The final installment in the Cornetto Trilogy (which only manages to reach second on my favourite trilogies list thanks to the Before... trilogy, as seen below), The World's End was always going to appeal to me since it's about a good old fashioned pub crawl with old mates. This one is a pub crawl in a town taken over by aliens but, y'know, potato potato. The World's End is a lot darker than Shaun of the Dead and Hot Fuzz and, in that regard, feels like a more mature product, albeit one with a couple of stupid jokes and references to pop/pub culture which made the trilogy so brilliant.
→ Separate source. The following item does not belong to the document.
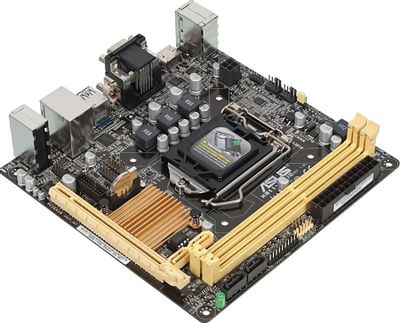 Lga shop 1150 itx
It also feels like the culmination of all the ideas Edgar Wright, Simon Pegg, and Nick Frost have been working towards their whole careers, particularly in regards to Wright who, thanks mainly to his work on Scott Pilgrim vs The World has pretty much perfected how to stage fight scenes, with a number of exciting, kinetic fights throughout the film. The World's End is a film about regrets, about being stuck in a moment instead of growing up, and that manages to be so emotionally dense without sacrificing the humour that made the trilogy what it is. A fitting end to a stellar trilogy.

2. The Spectacular Now


Your teenage years are synonymous with hormones flying all over the place, uncontrollable and unpredictable. It's a period of life rich with possibilities but also with a fear of the unknown as things start to slowly change, physically and mentally. You're told it's the "first day of the rest of your life" but many are unsure what they want to do with the rest of their life yet. It's a period that is rich with stories that have been put to film, some with great results, and some not so great. The Spectacular Now is perhaps the most earnest, warts-and-all, coming of age tale. The coming of age genre is one now so rife with cliches that trying to make one is like walking across a minefield in order to avoid them; The Spectacular Now navigates its way through the minefield deftly and comes across as a sincere portrayal of teenage life, sensitively tackling the issues with ease. The film is helped along by the extraordinary chemistry between the two leads, Miles Teller and Shailene Woodley, who have such a natural chemistry that they feel like a couple that you've known forever. James Ponsoldt (who also directed the criminally ignored Smashed) manages to bring the coming of age genre back down to Earth and, in doing so, creates a truly soulful portrayal of that messy period of life.

1. Before Midnight


Before 2013, if you were to ask me what my favourite movie trilogy of all time was, I'd probably answer Toy Story or, if I was trying to show off, Krzysztof Kieslowski's Three Colours. Now, after seeing Before Midnight, the Before... trilogy has rocketed up to that top spot, without a question. Midnight is not much different from the previous two entries in Richard Linklater's trilogy, but if it ain't broke, don't fix it. It's a trilogy of people talking. But when the dialogue is so good, who really wants there to be anything else involved? Midnight sees Jesse and Celine on holiday in Greece with their two children, the result of their encounter in Sunset, 18 years after they first met in Vienna. More mature than their younger, carefree selves in Sunrise and also probably Sunset, the conversations focus more on love, marriage and mortality, as well as looking back at their younger lives. Ethan Hawke and Julie Delpy once again bring their effortless chemistry to their performances as they just converse. There's nothing fancy here, really, and I'm glad there isn't. The Before films have always been strongest when the conversations flow. The Greek Peloponnese doesn't feature as heavily as Paris or Vienna in the previous films, which is a shame because what we do see looks gorgeous, but that's only a tiny little niggle in an otherwise wonderful display of what you can do simply with great dialogue and great chemistry.